What causes snoring? There are many different causes for snoring, and treatment needs to be specific to the cause and the particular patient. The particular part of the airway that commonly causes snoring is full of various anatomical parts. There is the tongue, the tonsils, the soft palate, the uvula and surrounding throat tissue and muscles. Obstructed nasal airways, adenoids or deformities of the nose could be causing the problem.
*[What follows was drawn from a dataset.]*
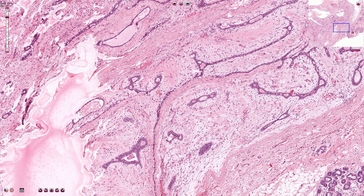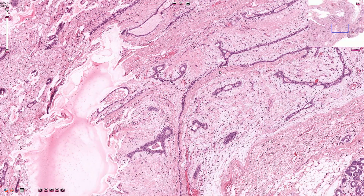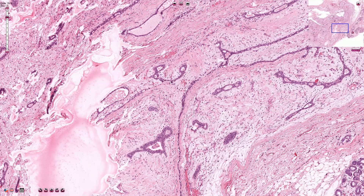We can differentiate two different patterns of the epithelial component. The more common intracanalicular pattern is where the stroma causes elongation, distortion, and compression of the glandular or epithelial component. The areas of complete compression are usually intermixed with residual lumina, which is sometimes described as a beaded pattern, as it looks like beads on a string.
For maximum benefit, it is vital to determine exactly which part or parts are causing the snoring. A detailed analysis by an ENT specialist is crucial.
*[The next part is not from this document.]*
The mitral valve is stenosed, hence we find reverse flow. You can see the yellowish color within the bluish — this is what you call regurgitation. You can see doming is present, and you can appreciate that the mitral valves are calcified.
Snoring is caused by narrowing or obstruction of the airway. For diagnosis, we divide the airway into three "levels": level I (the nose), level II (the back of the mouth) and level III (the throat).
Level I (the nose) may be obstructed by:
- Deviated nasal septum
- Enlarged turbinates
Level II (the back of the mouth) may be obstructed by:
- Enlarged soft palate and/or uvula
- Enlarged tonsils
- Excessive tissue on the pharyngeal walls (the walls of the mouth)
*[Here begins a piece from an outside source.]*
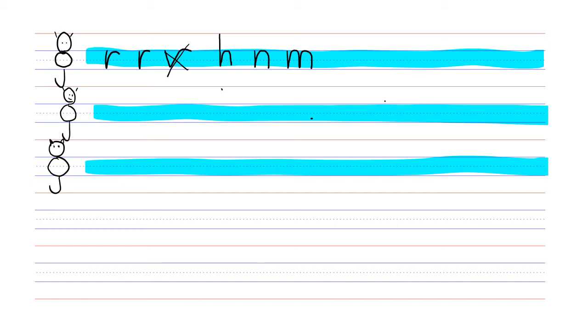The next letter is K. This one causes some confusion. We go down, and then we have to keep the loops inside the blue area. The loop stays in the top half of the blue area, and then the leg goes down in the other half.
Level III (the throat) may be obstructed by:
- Excessive throat tissue
- Enlarged tongue
- Enlarged lingual tonsils
- Enlarged epiglottis
- Excessive fat around the neck, "strangulating" the throat (obesity)
Snoring may result from one or a combination of some of the above causes. Snoring can be a very complicated process!
In addition, snoring due to any one level of obstruction or narrowing will cause a negative pressure, during inspiration (breathing in), on the other airway levels. Over an average of 8 hours' sleep a night, this constant "sucking in" and "stretching" of the soft tissues of the other airway levels will worsen the collapse of the airway over time. This means that snoring (if not treated) usually worsens as the snorer ages. Treatment of the problem at one of the airway levels may help to relieve the "sucking in" pressure on the other two levels of airway.